Wie entsteht neues Bier?

Wie entsteht neues Bier? 03:16 Min. Verfügbar bis 13.09.2021

Bier

Wie entsteht neues Bier?

Das Reinheitsgebot von 1516 ist das älteste, noch gültige Lebensmittelgesetz der Welt. Es schreibt vor, dass Bier aus Deutschland nur aus drei Zutaten bestehen darf: Wasser, Hopfen und (Gersten-)Malz. Künstliche Aroma- oder Zusatzstoffe sind verboten. Hefe, heute die vierte erlaubte Zutat im Bier, kannte man 1516 noch nicht. Sie kam erst später dazu.

Die Rolle von Hefe im Bier

Hefe sorgt dafür, dass Bier gärt und Alkohol entsteht. Es gibt in der Natur rund 690.000 Hefearten und damit ein riesiges Potential für die Braukunst, neue Biere zu entwickeln. Welche Hefe-Art eingesetzt wird, ist deshalb unter Brauern ein streng gehütetes Betriebsgeheimnis. Die Hefe-Rasse entscheidet darüber, welcher Biertyp entsteht:

  • Obergäriges Bier (Weiß-, Alt-, Kölsch-Bier): Bei obergärigem Bier schwimmt die Hefe bei der Gärung auf und wird abgeschöpft. Gebraut wird bei 15 bis 20 Grad Celsius.
  • Untergäriges Bier (Pils, Export, Märzen): Bei der Gärung setzt sich die Hefe am Kessel-Boden ab. Gebraut wird untergäriges Bier bei kühleren Temperaturen als obergäriges, meist bei rund 4 bis 9 Grad.

Die Rolle der Gerste beim Brauen

Im Wasser unter Sauerstoffzufuhr bilden Gersten-Körner Enzyme. Im Labor können Forscher die Aktivität dieser Enzyme steuern und dadurch bestimmte Substanzen im Bier anreichern oder reduzieren.

Sie können damit den Geschmack verbessern, aber auch Substanzen verringern, die der Gesundheit schaden: zum Beispiel Gluten, Purine und Zucker.

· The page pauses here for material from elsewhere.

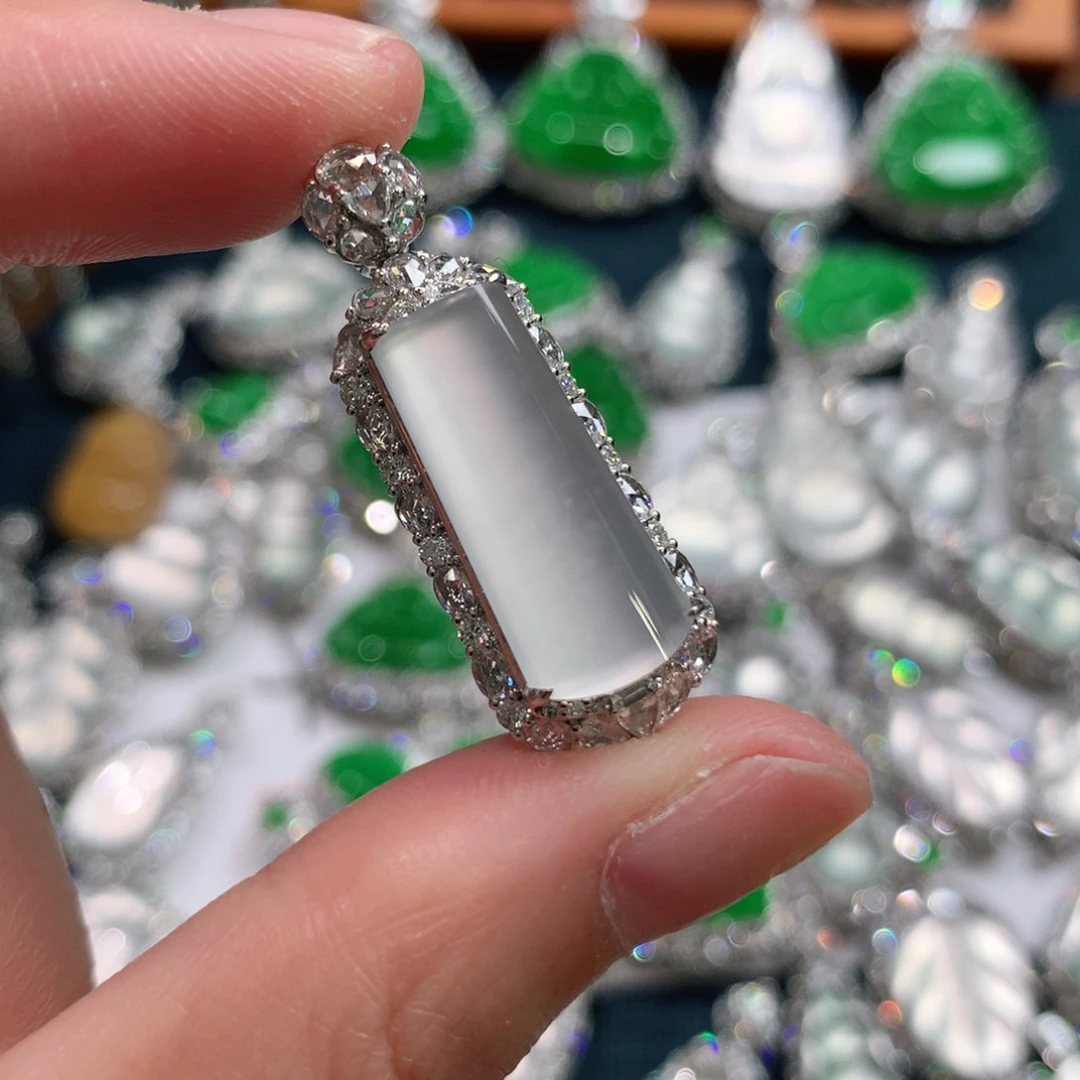 颈饰18K金镶嵌翡翠无事柱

Diese drei Substanzen können zu chronischen Krankheiten wie Übergewicht, Gicht und Diabetes führen.

Hopfen – das "Gewürz des Bieres"

Mit Bier wird schon seit dem 9. Jahrhundert experimentiert. Um das Getränk bitter und haltbar zu machen, kamen viele verschiedene Kräuter zum Einsatz, zum Beispiel auch das Bilsenkraut. Letztlich hat sich aber der Hopfen durchgesetzt. Er wurde bereits damals in Deutschland angebaut und war somit gut verfügbar.

Auch wenn laut Reinheitsgebot nur vier Zutaten beim Bier zum Einsatz kommen dürfen, gibt es viel Spielraum für Experimente. So werden neue Hopfensorten in einem gnadenlosen Auswahlprozess entwickelt: Pflanzen werden gekreuzt und in Gewächshäusern Schädlingen und Krankheiten ausgesetzt.

Nur die widerstandsfähigsten Pflanzen überleben diese Prozedur und nur einer von 20 Sämlingen schafft es, im Freiland ausgesetzt zu werden. Die besten werden geerntet. Von etwa 250.000 Sämlingen aus 250 Kreuzungen kommt nur einer durch und ist der Ursprung einer neuen Hopfensorte.

"Momentan produzieren wir 26 verschiedene Sorten im Anbaugebiet [Holledau]. In Amerika ist die Zahl der angebauten Arten bei mittlerweile etwa 60, wir erleben also einen Riesenboom bei den Hopfensorten und eine Explosion der Hopfensorten, die sich im Anbau befinden."

Anton Lutz, Hopfenbauer

Warum Bierbrauen kompliziert ist – und eine Kunst

Gutes Bier zu brauen ist eine Wissenschaft für sich, weil Braumeister genau wissen müssen, unter welchen Bedingungen was mit den Zutaten passiert. An jeder Zutat und an jedem Herstellungsschritt können sie etwas verändern, das Einfluss auf den Geschmack hat.

Und Mutter Natur redet auch ein Wörtchen mit: Die Rohstoffe, die sie liefert, ändern sich jahrgangsweise.

Zudem ist das Potenzial von Bier ist noch lange nicht ausgeschöpft. An jeder Zutat schrauben Brauer und Wissenschaftler, um das beste Bier zu brauen.

In der Natur gibt es rund 690.000 Hefearten, schätzen Forscher. Ein riesiges, noch ungenutztes Reservoir an Geschmacks-Möglichkeiten, denn heute werden erst zehn bis zwanzig bewusst eingesetzt. Auch bei Hopfen und Gerste läuft die Forschung auf Hochtouren. Die Zukunft des Bieres bleibt spannend.